この一週間、晴天が続いている。11月の中旬にしては気温が高い。散歩道で一面の落葉。寒さで戸外へ出難くなっていたが、こんな陽気だとやはり戸外の散歩は気持ちいい。ネットでは、小夏日和なる新語が登場している。芥川の俳句に
拾得は焚き寒山は掃く落葉 龍之介
というのがある。寒山拾得というのは、唐代の高僧で寒山と拾得のことである。二人は親友で、奇行が多く詩人としても有名で、禅画にしばしば登場する。拾得は経を開き、寒山は庭で落ち葉を掃く姿が描かれる。
寒山の風姿を伝える文がある。

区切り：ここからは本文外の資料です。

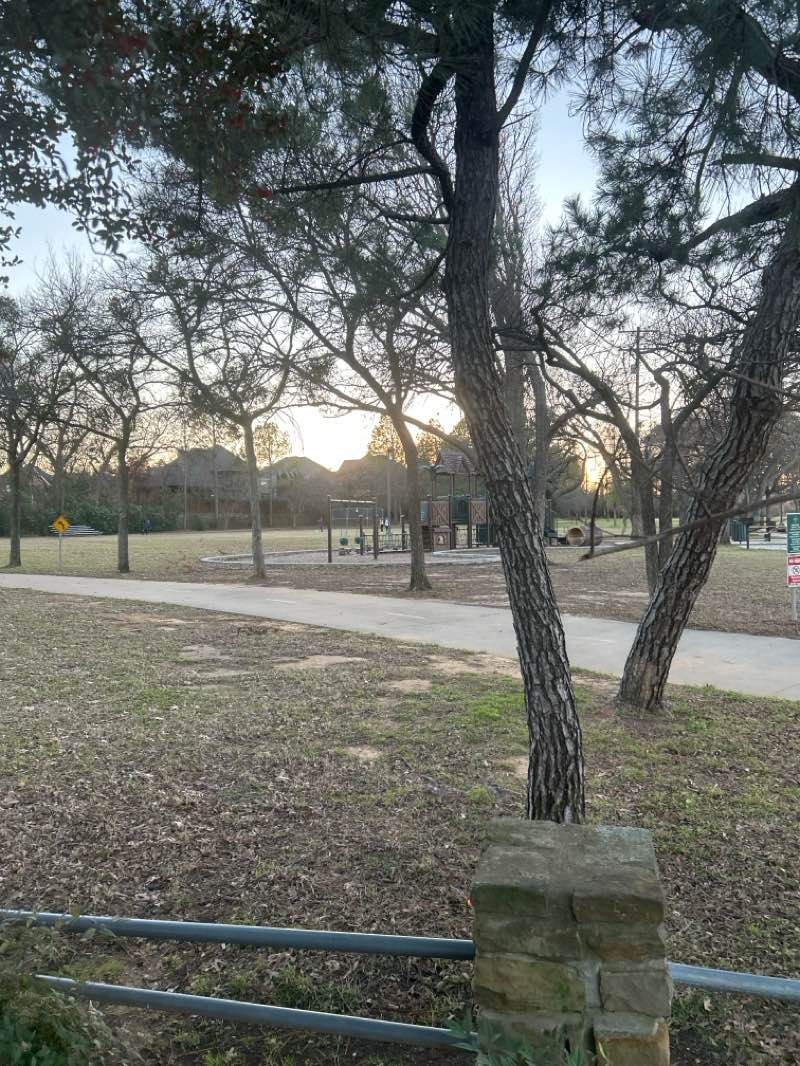 walking near me in Bob Eden Park in winter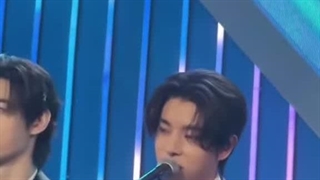 دو تا دیگه ببرن هر کدومشون یک جایزه میگیرن به دست....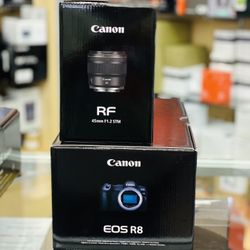 Canon R8 Camera Bundle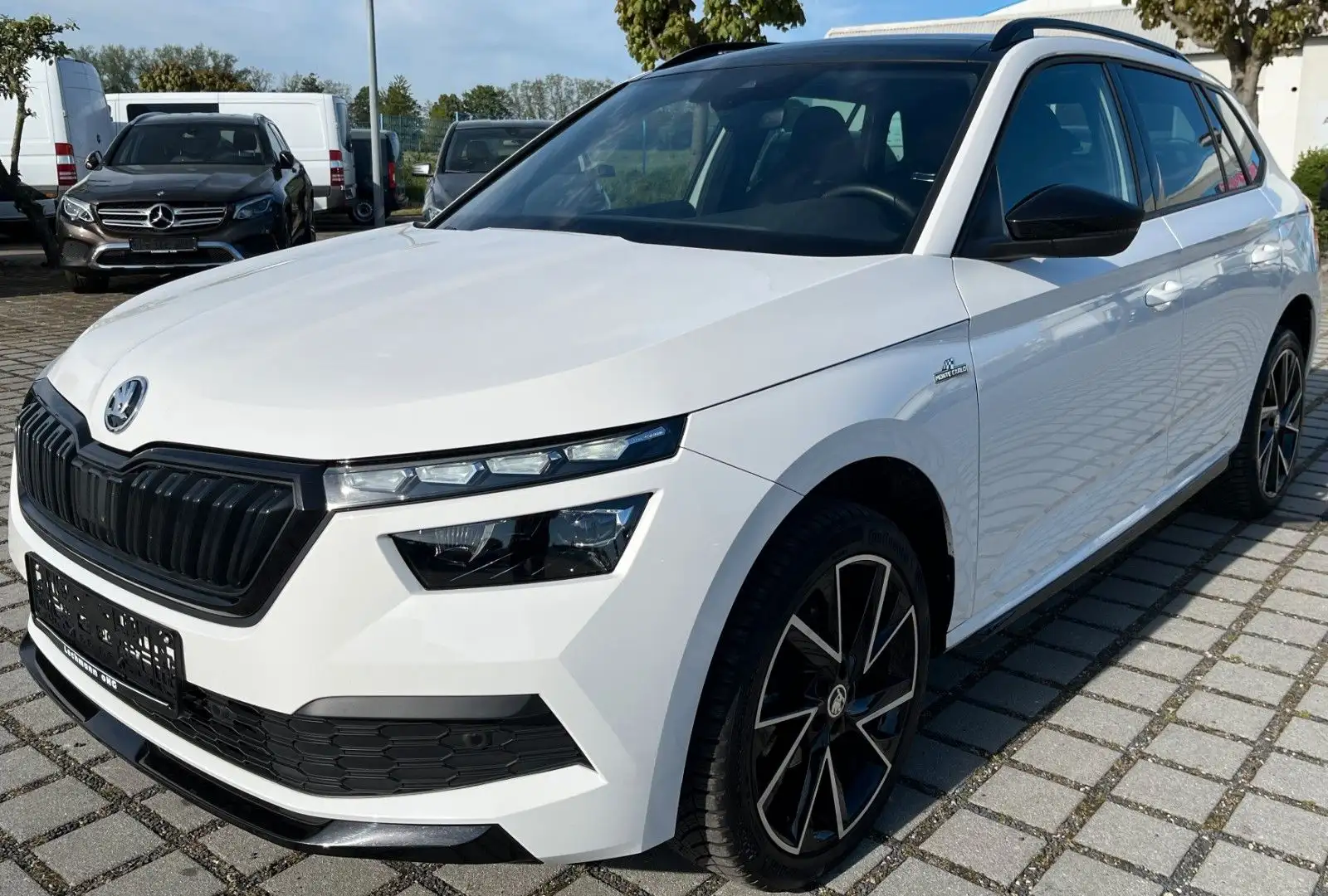 Skoda Kamiq Monte Carlo 1-Hd. DSG|LED|DAB Blanc - 1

やせこけて、樺皮の冠をかぶり、破れ衣に大きな木靴を履き貧窮零落した風狂人のような姿の寒山は、拾得のいる国清寺に来て残飯を竹筒に入れて貰っていた。廊下で構わず騒いだりするので、僧たちが追い払うと大笑して去った。その絵をみると、二人は呵々大笑しておどけている姿が多い。
芥川の句は、お寺の庭の落ち葉を掃く僧の姿を見て、唐代の僧と重ねて詠んだところが面白みである。